TASK INSTRUCTIONS: Restate word for word only the lines running from the one with "PLAYMOBIL Action Heroes" to the end of the data, both ends included. Omit any pictures.

RECORDED DATA:
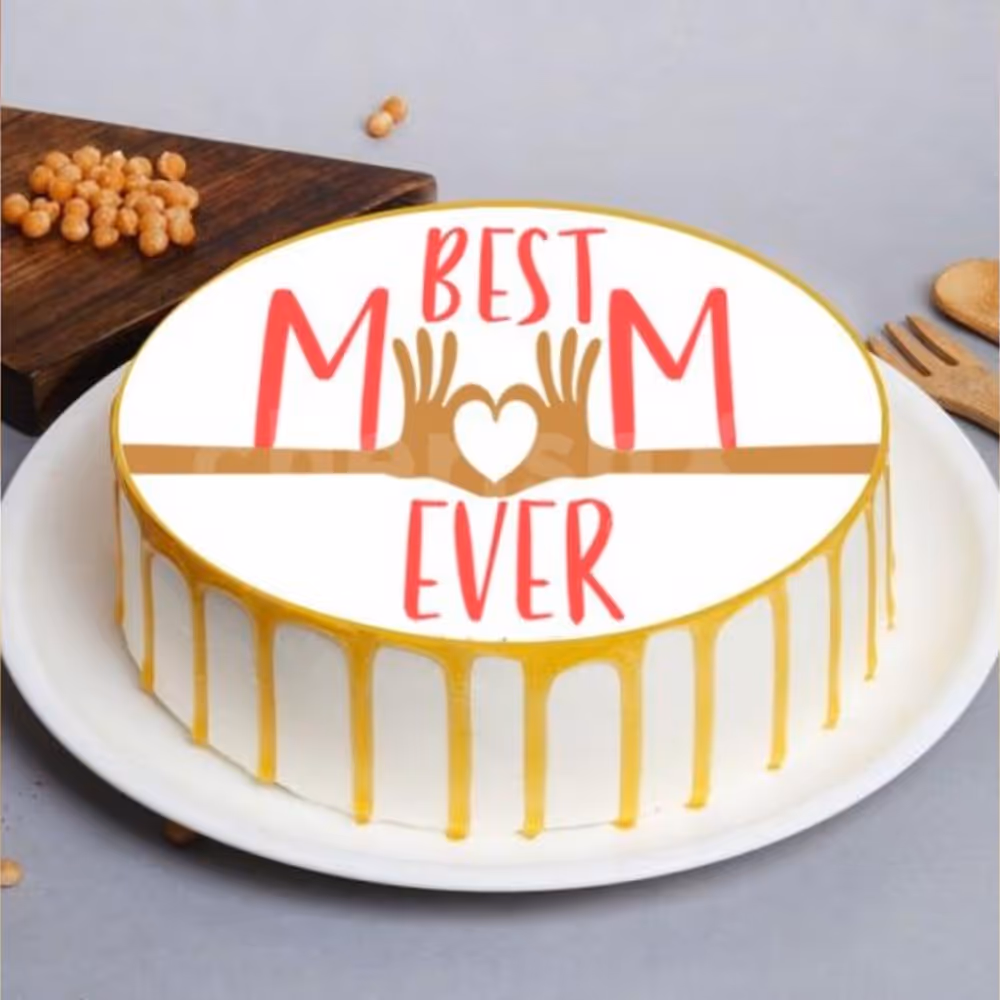 Buy Mother's Day Gifts Online or Send a delicious "Best Mom Ever"  Photo Cake anywhere in Delhi, Gurgaon, Noida, NCR, Bangalore, Jaipur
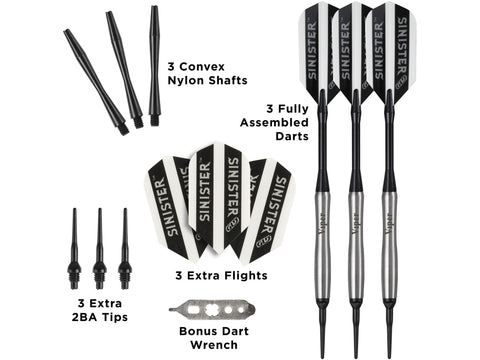 Image of Viper Sinister 95% Tungsten Soft Tip Darts Tapered Barrel 18 Grams - HomeFitPlay
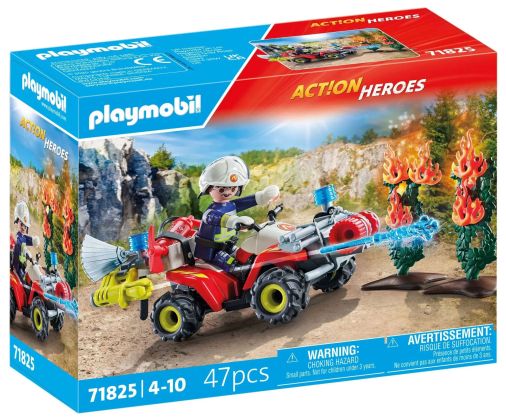PLAYMOBIL Action Heroes 71825 Pompier avec quad et arbustes enflammés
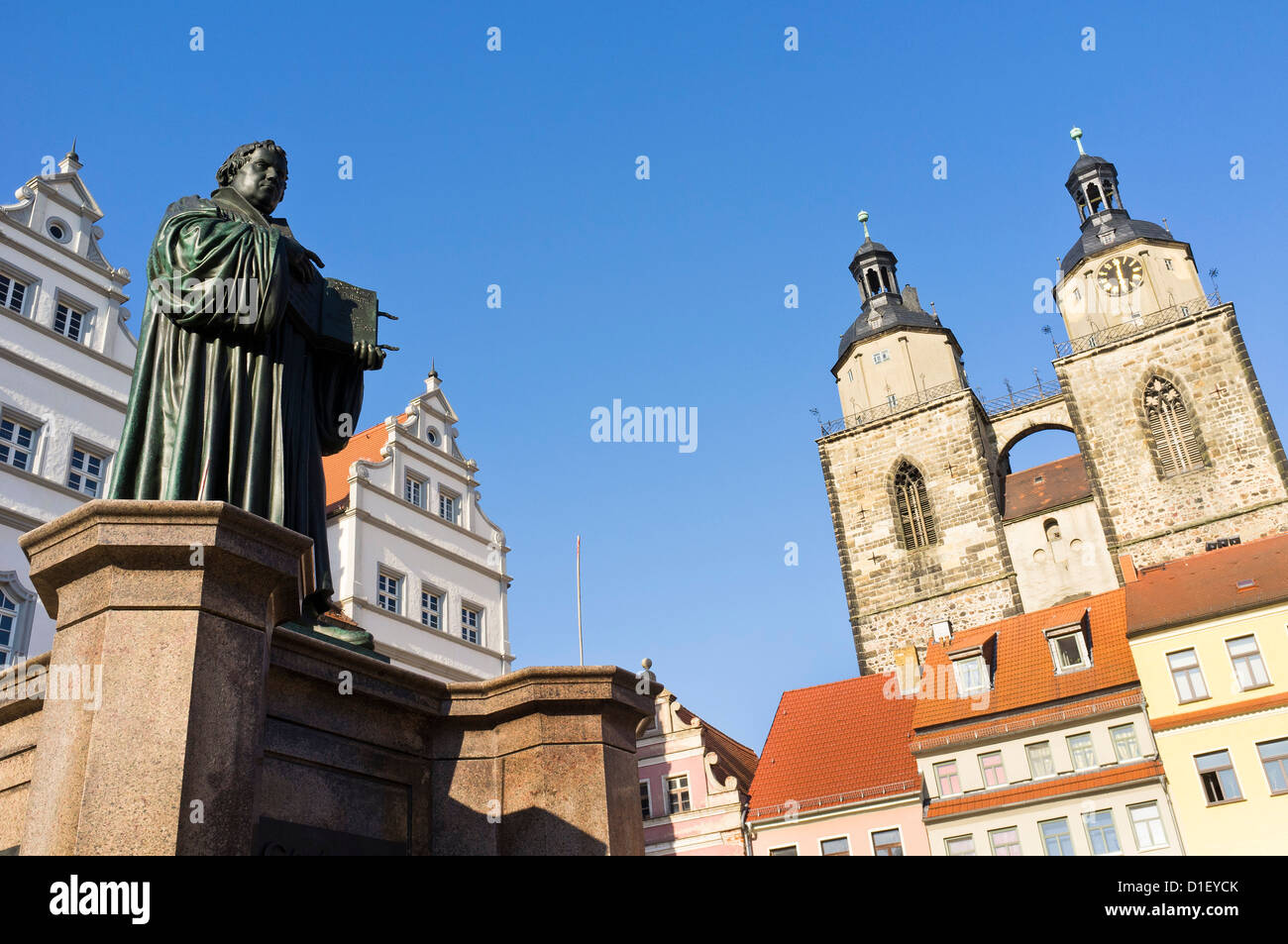Luther Memorial on the market square, Wittenberg, Saxony-Anhalt, Germany Stock Photo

RESPONSE BELOW:
PLAYMOBIL Action Heroes 71825 Pompier avec quad et arbustes enflammés
Luther Memorial on the market square, Wittenberg, Saxony-Anhalt, Germany Stock Photo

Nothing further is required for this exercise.